Politics & the Nation
  • Republic Day parade celebrated with great fervour
    • The recent Mumbai terror attacks had made my resolve to observe R-Day stronger than ever.  Stayed glued to the TV to watch the parade at Delhi.  Took lot of pride in our military; though I was also immediately reminded of Rabindranath Tagore's and a few other sages' sayings that we all belong to one nation and one religion i.e., humanitarianism.
    • I was quizzed as to why our military wings have music bands.  I didn't recollect having studied anything about it.  I surmised that without music the march pasts of long columns of soldiers would be sombre and boring.  That is why I presume they would intersperse columns of marching soldiers with music bands.
    • Have a better explanation?  Please proffer it in our shout-box.
    • One important snippet that we should remember from GK point of view is the Chief Guest.  Nursultan Nazarbayev, the President of Kazakhstan.
    • And finally, it gives the government a lot of comfort that even Obama has sent out warm greetings on the occasion by saying that India has no better friend or partner than the US.
  • The DDA scam
    • Delhi Development Authority is known for being corrupt.  But what is shocking this time is that some top officials of the DDA in collusion with some real estate brokers have resorted to fictitious applications for the flats put on sale and garnered the flats for themselves.  The idea is to sell them in the kerb for a tidy profit.  To hell with the real and needy applicants.
    • Nationally, there is a huge demand-supply gap — over 20 million dwelling units — in low-to-middle income housing. 
Finance & Economics
  • Internet usage statistics in Asia
  • On generics and IMPACT
    • Generics are the cheaper versions of drugs on which the patent has expired.
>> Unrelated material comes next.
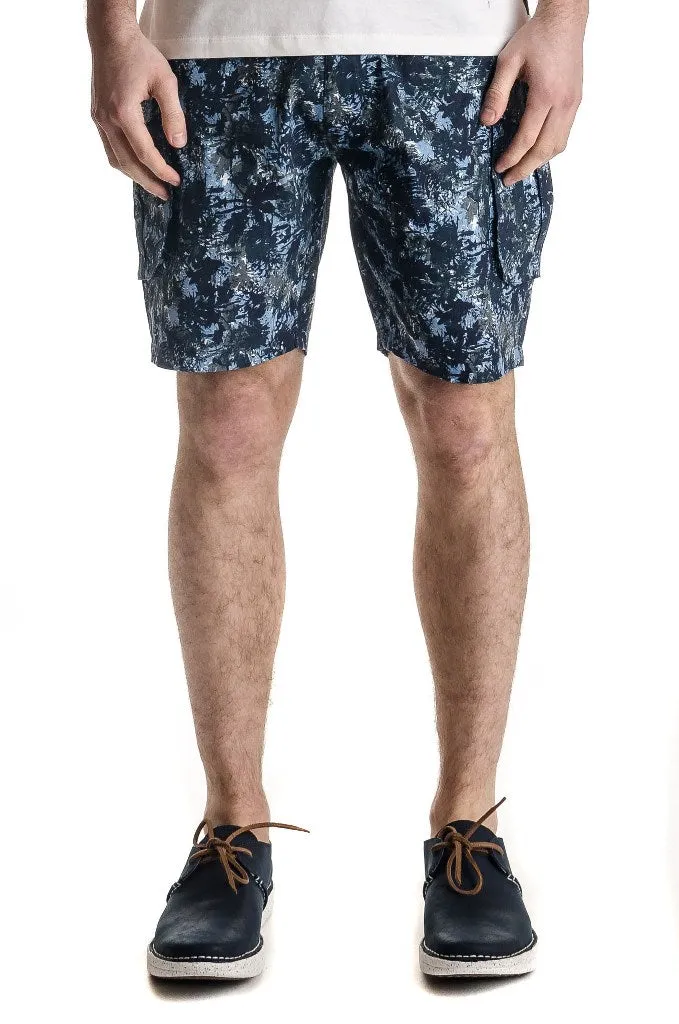 Realm & Empire Lossie Trench Camo Cargo Shorts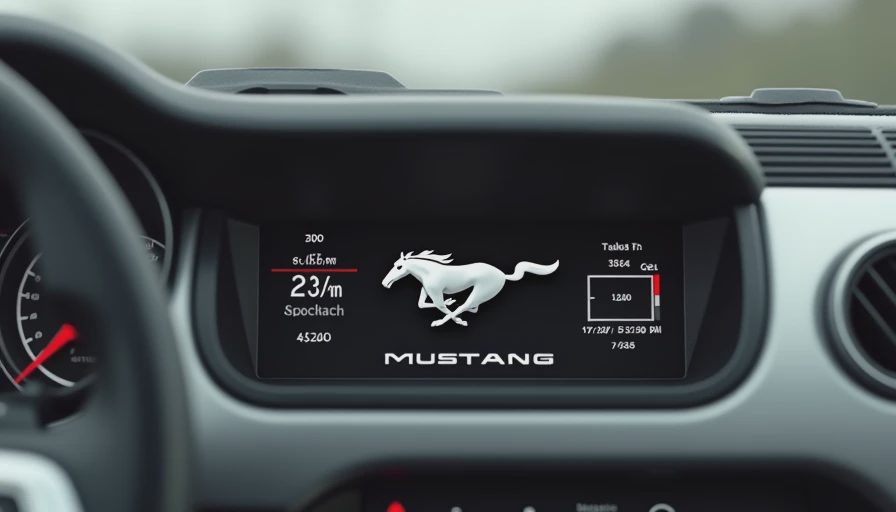 Illustration for 2025 mustang dark horse horsepower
In India, very few drugs are patent-protected and almost all drugs are ‘generic’ as per international parlance. Indian firms — big as well as small — sell ‘generic’ or off-patent drugs at a price much lower than the inventor’s price. Indian generic drug industry exports medicines worth around Rs 30,000 crore. 
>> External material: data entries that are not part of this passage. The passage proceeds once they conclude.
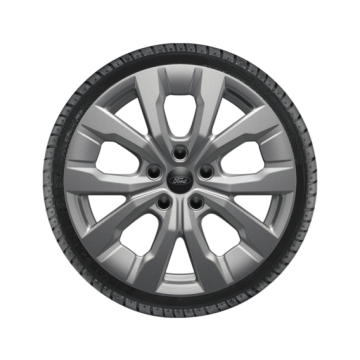 Ford Tourneo Connect (02/2022 - ..) / Transit Connect (04/2024 - ..) alloy wheel with winter tire 17", 5 x 2-spoke design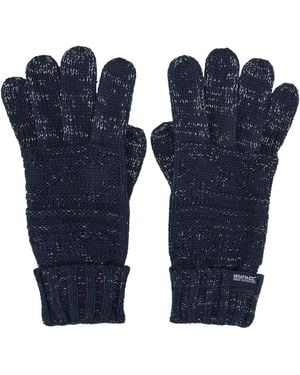 Regatta Ladies Multimix V Gloves - Blue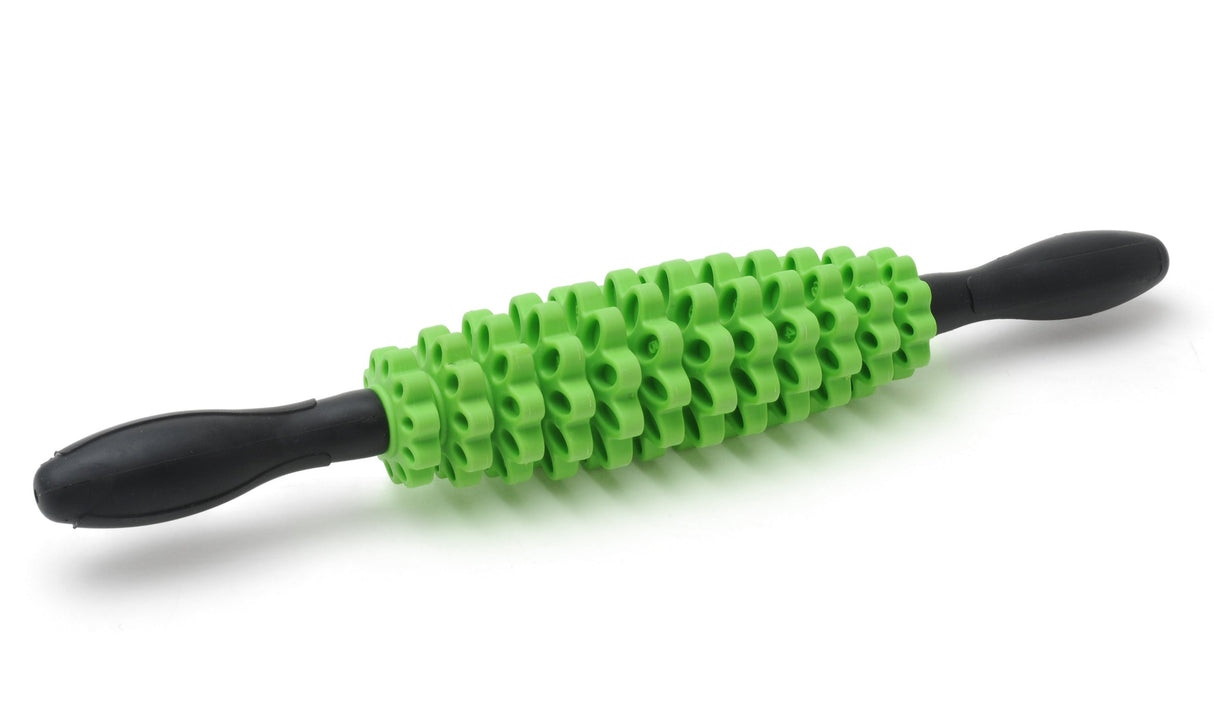 Faszienroller / Massageroller green flower - YOGISHOP
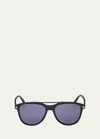 Tom Ford Ft109801v In Shiny Navy Blue L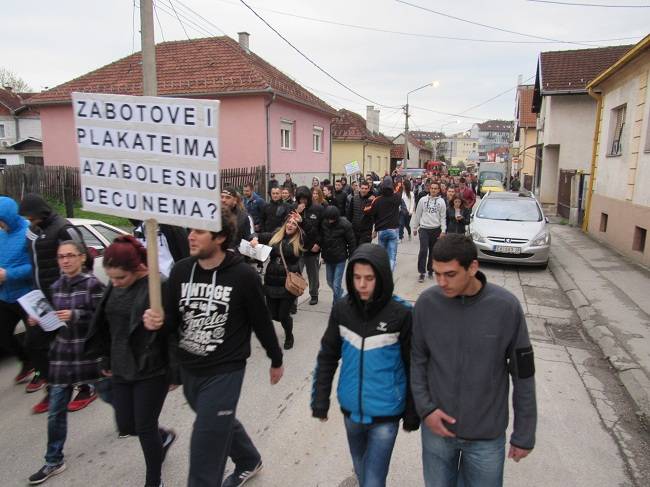 Održan treći protest protiv diktature (FOTO) 4 protest5
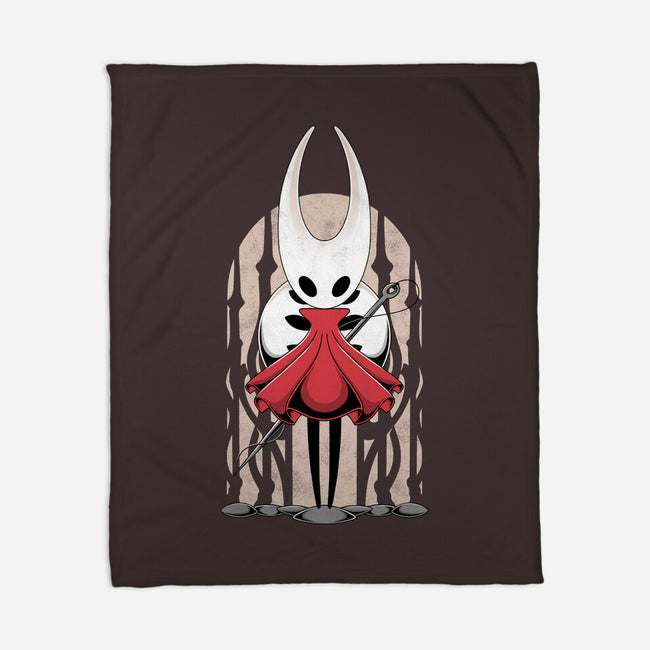 Hornet-none fleece blanket-Alundrart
    • The MNC lobby therefore is obviously unhappy with the state of affairs and wants to clip India's pharma industry's wings.  It tried to do this through IMPACT (International Medical Products Anti-Counterfeiting Taskforce), a WHO agency, which tried to redefine counterfeit drugs.  The redifinition would have made most of the generics made in India counterfeit, even when they contain the right amount of chemical ingredients.
    • The proposed new definition defines counterfeit drugs as medical products with ‘false representation about its identity, history or source.’ 
    • Luckily for India, WHO decided to shelve its plans of redefining counterfeit medicines.
  • What is scraping?  In internet parlance.
    • It refers to the act of stealing proprietary software like games.
    • When you can't stop your software from being stolen, what do you do?  Just join the thieves?  Right?  
    • That's what a web site called Games2Win.com has just done.  It came out with a technology called inviziads and placed ads on such stolen games from its website.  The moment a stolen game is played, the ads will pop up.
  • India ASEAN FTA to be signed in February?
    • India-Asean trade, which has been growing at a compounded annual growth rate of 27%, stood at $38.37 billion in 2007-08. It is projected to reach $48 billion in 2008-09. 
    • The FTA provides for elimination of tariffs on 80% of tariff lines in a phased manner by 2015. For about 10% of additional tariff lines on the sensitive track, the tariffs will not be eliminated but brought down to 5%. India has 489 items, mostly farm products, on the sensitive list which will not be subject to tariff cuts. 
International
  • Is there a difference between Hamas and Al Qaeda?
    • In an article of high intellectual calibre, Pothik Ghosh argues that it would be "inaccurate to equate Hamas with Al Qaeda merely because both articulate their politics in the idiom of religious Islam. The latter posits its Islam as an anti-democratic institution that needs to be imposed on the entire world in the form of an international caliphate. For Hamas, on the other hand, Islam is an organic language of resistance and autonomy. Al Qaeda is a force of fascist regression, Hamas, the harbinger of struggle and hope."
    • Students of political science should not miss such highly analytical articles.  Recommend a read for others also.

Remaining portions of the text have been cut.